Cooperative spectrum sensing is a two-stage process composed of (1) local sensing and (2) fusion of local sensing results. In the first stage, each SU sniffs the spectrum and deduces the presence or absence of PU. In the second stage, local decisions of multiple users are fused together for making the final decision on whether a PU is absent or present. For improving cooperative sensing, researchers focus on how to optimally fuse local sensing results. Several optimal fusion schemes for cooperative spectrum sensing have been summarized in [6]. Although fusion rules may improve the final decision, the decision is highly dependent on the result of the first stage. Therefore, improving the first stage can improve cooperation results.

Researchers have recently focused on how to achieve reliable results with less mean sensing time. The most promising reforms applied to local spectrum sensing are: using multiple antennas, using two-stage sensing schemes, and improving existing techniques. In [9, 10], the improvement of the sensing performance of energy detection is achieved using multiple antennas at the sensing node. In [1114], two-stage spectrum sensing techniques are explored, in which the first stage involves coarse sensing and the second one involves fine sensing. In the majority of two-stage sensing techniques, coarse sensing performs energy detection while fine sensing is later performed to verify the presence or absence of PUs.

To improve the existing techniques, one-order cyclostationary detection in the time domain is proposed in [15], where the mean characteristic of the PU signal is exploited in order to improve the efficiency of channel sensing. Both real-time operation and low computational complexity can be achieved using this detection scheme. In [16], the energy detection technique is improved by replacing the squaring operation with arbitrary positive power operation.
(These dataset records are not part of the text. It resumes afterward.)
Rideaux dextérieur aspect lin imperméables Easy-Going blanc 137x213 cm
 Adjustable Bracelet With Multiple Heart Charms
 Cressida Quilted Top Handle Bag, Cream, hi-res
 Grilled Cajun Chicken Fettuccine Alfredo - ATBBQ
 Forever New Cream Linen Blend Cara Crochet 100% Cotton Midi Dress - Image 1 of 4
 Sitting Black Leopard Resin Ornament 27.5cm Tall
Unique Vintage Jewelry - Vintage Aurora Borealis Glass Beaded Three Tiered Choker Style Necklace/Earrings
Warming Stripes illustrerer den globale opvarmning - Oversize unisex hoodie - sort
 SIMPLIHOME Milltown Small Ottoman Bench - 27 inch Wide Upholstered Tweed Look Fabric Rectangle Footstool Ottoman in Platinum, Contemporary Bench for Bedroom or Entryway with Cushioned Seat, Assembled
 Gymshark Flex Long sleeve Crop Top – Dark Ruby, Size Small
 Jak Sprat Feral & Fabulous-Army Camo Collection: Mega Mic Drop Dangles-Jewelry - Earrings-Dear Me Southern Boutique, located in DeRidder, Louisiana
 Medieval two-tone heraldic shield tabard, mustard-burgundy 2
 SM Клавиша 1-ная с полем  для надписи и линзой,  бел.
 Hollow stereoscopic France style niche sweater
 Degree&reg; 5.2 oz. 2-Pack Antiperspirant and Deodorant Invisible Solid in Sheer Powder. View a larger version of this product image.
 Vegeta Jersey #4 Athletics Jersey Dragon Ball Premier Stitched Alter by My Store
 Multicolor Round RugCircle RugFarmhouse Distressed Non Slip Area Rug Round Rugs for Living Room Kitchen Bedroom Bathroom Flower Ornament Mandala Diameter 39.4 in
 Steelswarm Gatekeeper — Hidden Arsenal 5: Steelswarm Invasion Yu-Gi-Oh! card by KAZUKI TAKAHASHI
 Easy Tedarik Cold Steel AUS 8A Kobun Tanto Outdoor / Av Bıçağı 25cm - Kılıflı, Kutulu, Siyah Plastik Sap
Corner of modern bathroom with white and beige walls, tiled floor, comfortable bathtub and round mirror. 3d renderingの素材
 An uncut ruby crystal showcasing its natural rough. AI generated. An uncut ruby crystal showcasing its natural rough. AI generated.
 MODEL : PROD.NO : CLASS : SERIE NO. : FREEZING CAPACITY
Power operation depends on the probability of false alarms, the probability of detection, the average SNR, and the sample size. By choosing the value of the power operation, detection performance of a conventional energy detector can be improved. Advanced sensing techniques for energy detection, including multiple antenna sensing and cooperative sensing, are discussed in [17].

L. A. Zadeh first introduced fuzzy logic in order to cover more general linguistic notation for extending binary logic. Fuzzy logic can be applied in CR networks. In [18], fuzzy logic is used for the representation of cross-layer information and for the implementation of optimization strategies in CR networks. The fuzzy reasoning model that is appropriate for SU devices operating in heterogeneous networks is proposed in [19]. Fuzzy comprehensive evaluation is used for collaborative spectrum sensing in CR networks [8, 20]. Fuzzy collaborative spectrum sensing improves the performance in terms of the probability of detection and false alarms. However, introducing fuzzy logic at node-level sensing can further improve the performance by improving local sensing results. In our proposed approach, fuzzy logic is used to make the local spectrum sensing decision.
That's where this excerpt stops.